Ostatni wynik drużyny Jacka Magiery w meczu z Ruchem Chorzów mocno zdenerwował kibiców ze stolicy województwa dolnośląskiego. Wrocławianie nie zdołali wykorzystać potknięć innych ekip z czołówki i wciąż nie mogą być pewni miejsca dającego europejskie puchary w kolejnym sezonie. Teraz Śląsk czeka wyjazdowe starcie z innym beniaminkiem – ŁKS-em Łódź. O komentarz przedmeczowy został poproszony na konferencji trener WKS-u – Jacek Magiera.
– Tamta porażka z Ruchem była mocno rozczarowująca dla nas wszystkich. Wiosna z pewnością nie jest taka jakiej chcieliśmy, ale teraz jest finisz. Wszystko zależy od nas i walczymy o medal. Jestem przekonany, że ta sytuacja wzbudzi sportową złość wśród zawodników i pobudzi determinację. Nas rozliczy tylko i wyłącznie boisko. Musimy pokazać, że zasługujemy na więcej, aniżeli tylko jedną dobrą rundę – skomentował ostatnią porażkę trener Śląska.

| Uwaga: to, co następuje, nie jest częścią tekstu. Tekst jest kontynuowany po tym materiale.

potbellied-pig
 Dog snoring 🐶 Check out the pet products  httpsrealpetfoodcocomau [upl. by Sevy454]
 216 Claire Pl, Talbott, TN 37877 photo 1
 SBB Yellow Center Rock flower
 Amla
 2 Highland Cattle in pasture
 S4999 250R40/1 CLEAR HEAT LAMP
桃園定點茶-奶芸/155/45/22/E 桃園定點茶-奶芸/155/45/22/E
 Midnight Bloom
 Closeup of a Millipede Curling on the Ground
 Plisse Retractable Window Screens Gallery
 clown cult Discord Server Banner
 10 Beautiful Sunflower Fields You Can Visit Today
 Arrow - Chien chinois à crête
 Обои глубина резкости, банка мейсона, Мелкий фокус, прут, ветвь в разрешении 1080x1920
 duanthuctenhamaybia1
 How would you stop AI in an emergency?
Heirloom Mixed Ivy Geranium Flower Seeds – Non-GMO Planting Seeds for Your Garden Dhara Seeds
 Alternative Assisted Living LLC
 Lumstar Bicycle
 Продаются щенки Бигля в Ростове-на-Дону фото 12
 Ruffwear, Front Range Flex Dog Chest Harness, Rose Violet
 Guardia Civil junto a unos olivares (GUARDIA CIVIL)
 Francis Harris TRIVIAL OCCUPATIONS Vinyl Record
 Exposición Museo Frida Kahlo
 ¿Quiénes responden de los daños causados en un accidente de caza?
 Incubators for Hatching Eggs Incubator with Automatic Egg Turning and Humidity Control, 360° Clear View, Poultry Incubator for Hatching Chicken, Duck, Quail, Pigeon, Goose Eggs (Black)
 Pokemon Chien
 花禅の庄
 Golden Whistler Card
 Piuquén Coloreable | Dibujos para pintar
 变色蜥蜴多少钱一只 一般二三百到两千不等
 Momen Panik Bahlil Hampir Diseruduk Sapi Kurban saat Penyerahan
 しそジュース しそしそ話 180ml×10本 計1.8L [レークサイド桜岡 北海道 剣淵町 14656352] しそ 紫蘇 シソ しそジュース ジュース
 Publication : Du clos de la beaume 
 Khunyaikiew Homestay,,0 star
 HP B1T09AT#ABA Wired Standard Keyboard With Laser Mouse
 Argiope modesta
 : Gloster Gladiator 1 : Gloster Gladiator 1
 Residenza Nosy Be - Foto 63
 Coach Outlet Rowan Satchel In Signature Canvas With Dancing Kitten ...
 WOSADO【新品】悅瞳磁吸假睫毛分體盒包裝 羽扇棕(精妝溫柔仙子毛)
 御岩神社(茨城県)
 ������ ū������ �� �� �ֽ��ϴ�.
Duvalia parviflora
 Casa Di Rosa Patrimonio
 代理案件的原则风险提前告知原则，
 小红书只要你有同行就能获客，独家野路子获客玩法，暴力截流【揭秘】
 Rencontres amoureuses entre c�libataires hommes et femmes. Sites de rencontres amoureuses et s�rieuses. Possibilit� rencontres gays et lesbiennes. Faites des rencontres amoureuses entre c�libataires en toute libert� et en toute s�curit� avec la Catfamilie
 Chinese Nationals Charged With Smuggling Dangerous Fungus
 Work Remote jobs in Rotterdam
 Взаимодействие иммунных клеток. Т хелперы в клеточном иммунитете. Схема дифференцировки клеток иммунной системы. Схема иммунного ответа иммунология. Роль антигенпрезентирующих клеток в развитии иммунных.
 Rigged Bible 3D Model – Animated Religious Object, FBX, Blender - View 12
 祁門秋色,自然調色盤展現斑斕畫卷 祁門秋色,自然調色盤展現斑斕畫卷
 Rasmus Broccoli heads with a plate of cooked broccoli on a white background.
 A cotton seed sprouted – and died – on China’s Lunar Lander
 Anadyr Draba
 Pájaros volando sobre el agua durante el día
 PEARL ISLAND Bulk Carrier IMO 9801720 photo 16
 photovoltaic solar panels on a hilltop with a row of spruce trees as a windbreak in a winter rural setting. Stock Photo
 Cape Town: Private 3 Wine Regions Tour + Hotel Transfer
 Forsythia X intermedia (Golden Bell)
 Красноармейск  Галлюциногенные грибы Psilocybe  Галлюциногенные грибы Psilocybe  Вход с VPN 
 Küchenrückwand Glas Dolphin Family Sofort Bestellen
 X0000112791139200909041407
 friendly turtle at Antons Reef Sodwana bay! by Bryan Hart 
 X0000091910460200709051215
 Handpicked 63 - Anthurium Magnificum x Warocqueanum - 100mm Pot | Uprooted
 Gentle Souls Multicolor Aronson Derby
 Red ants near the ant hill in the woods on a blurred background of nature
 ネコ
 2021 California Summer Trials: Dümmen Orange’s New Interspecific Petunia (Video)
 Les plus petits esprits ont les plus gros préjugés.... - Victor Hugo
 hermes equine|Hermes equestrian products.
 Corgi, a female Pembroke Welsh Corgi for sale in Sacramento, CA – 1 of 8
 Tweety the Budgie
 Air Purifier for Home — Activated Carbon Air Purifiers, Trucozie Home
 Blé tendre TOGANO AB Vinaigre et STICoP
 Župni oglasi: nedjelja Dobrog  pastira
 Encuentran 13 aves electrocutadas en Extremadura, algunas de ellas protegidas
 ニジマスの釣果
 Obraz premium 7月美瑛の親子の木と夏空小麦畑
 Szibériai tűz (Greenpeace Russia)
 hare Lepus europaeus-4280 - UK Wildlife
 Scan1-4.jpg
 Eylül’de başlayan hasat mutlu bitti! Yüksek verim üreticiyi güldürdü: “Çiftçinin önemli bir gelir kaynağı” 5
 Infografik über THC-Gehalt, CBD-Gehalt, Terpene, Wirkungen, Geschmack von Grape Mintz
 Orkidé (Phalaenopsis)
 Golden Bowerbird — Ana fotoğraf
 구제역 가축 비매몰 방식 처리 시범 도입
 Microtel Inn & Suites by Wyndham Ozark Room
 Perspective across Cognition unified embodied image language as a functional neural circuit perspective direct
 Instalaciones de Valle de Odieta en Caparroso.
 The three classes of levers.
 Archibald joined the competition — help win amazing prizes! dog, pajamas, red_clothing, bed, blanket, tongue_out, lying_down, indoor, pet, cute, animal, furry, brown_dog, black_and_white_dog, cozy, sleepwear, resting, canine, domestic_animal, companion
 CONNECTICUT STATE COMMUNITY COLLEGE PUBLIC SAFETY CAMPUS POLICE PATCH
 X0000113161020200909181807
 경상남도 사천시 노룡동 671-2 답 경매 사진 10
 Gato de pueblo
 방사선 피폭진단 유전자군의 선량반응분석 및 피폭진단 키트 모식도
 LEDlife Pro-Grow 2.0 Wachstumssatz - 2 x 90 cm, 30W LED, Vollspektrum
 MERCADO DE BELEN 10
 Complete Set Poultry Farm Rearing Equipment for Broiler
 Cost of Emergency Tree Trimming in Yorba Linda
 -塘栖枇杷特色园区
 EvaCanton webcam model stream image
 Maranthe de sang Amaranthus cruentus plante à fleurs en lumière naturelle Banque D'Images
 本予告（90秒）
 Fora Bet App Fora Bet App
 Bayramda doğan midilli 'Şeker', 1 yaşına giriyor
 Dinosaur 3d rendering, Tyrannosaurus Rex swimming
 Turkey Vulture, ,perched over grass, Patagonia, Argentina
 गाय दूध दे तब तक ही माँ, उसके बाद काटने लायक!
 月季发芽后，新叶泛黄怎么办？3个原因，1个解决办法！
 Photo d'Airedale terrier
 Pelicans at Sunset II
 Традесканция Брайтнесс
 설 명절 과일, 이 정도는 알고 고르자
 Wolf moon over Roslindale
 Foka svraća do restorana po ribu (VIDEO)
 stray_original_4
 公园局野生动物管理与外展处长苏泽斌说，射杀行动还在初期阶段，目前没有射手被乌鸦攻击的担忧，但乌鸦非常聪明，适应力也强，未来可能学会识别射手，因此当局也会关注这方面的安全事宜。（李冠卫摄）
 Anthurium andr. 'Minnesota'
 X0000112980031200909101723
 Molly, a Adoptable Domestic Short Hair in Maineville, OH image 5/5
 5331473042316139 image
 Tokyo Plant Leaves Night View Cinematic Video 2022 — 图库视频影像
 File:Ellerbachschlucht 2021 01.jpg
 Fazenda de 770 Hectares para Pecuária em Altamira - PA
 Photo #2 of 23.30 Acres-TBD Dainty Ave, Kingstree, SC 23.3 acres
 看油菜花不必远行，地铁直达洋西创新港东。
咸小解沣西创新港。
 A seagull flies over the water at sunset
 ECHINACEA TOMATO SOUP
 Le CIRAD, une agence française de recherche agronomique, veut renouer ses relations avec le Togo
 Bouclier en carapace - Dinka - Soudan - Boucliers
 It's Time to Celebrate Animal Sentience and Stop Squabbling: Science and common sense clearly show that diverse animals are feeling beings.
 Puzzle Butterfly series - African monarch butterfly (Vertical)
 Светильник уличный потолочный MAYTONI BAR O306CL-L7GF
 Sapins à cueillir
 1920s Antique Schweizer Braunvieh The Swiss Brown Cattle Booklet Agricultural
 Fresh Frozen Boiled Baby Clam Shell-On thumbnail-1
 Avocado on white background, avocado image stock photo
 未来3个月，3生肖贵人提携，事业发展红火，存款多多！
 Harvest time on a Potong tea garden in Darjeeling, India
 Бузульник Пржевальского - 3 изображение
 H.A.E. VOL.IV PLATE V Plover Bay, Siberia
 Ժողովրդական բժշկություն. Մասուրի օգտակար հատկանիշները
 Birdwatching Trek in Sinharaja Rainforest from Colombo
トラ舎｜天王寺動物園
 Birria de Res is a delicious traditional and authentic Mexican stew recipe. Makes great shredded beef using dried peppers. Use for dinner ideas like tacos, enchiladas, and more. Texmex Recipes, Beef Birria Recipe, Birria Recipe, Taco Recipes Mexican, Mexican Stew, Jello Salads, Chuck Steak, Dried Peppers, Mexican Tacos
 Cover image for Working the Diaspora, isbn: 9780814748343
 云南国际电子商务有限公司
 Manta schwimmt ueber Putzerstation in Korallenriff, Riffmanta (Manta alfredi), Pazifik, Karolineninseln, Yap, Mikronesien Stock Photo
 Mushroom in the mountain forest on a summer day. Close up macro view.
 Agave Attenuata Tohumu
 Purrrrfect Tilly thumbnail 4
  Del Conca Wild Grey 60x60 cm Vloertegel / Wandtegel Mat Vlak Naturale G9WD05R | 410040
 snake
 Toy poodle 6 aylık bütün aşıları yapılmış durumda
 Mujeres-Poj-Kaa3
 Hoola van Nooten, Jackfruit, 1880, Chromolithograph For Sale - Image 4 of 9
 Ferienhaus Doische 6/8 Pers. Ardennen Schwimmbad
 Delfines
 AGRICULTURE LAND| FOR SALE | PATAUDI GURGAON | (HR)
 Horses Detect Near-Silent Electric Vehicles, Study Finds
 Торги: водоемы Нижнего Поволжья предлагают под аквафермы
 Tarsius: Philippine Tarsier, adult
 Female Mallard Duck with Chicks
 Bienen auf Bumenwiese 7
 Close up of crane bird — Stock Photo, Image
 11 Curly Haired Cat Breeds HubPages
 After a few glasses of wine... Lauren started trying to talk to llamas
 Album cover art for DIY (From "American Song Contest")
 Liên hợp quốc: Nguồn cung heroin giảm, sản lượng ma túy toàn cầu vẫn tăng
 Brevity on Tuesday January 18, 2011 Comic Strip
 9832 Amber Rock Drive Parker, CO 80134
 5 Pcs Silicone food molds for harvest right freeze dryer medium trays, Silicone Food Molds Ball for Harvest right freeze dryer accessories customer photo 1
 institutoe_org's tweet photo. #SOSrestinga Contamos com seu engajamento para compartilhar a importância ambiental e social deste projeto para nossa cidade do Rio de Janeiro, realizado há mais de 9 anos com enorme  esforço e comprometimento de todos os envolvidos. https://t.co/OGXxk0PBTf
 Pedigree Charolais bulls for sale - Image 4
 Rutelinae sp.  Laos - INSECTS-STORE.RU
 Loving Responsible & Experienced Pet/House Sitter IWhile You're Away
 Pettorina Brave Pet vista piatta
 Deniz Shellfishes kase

– Znowu nie będziemy mieli do czynienia ze spacerkiem. Zagramy z drużyną, która dobrze się prezentowała w wielu meczach tej wiosny. Mieli dobre momenty jak z Lechem, a z drugiej strony też wpadki jak chociażby ta w Białymstoku. Aczkolwiek my też mamy o co walczyć czyli skończyć sezon z medalem. Walczymy o zapisanie się w annałach historii Śląska Wrocław i to jest najlepsza motywacja. Musimy odłożyć wszystko na bok i skupić się na futbolu. Chcemy wydrzeć to, co jest możliwe do zdobycia. Trzeba być zespołem, wyjść z wiarą na boisko. My musimy tam wygrać, jeśli chcemy zrealizować swoje cele – mówił o sobotnim meczu Jacek Magiera.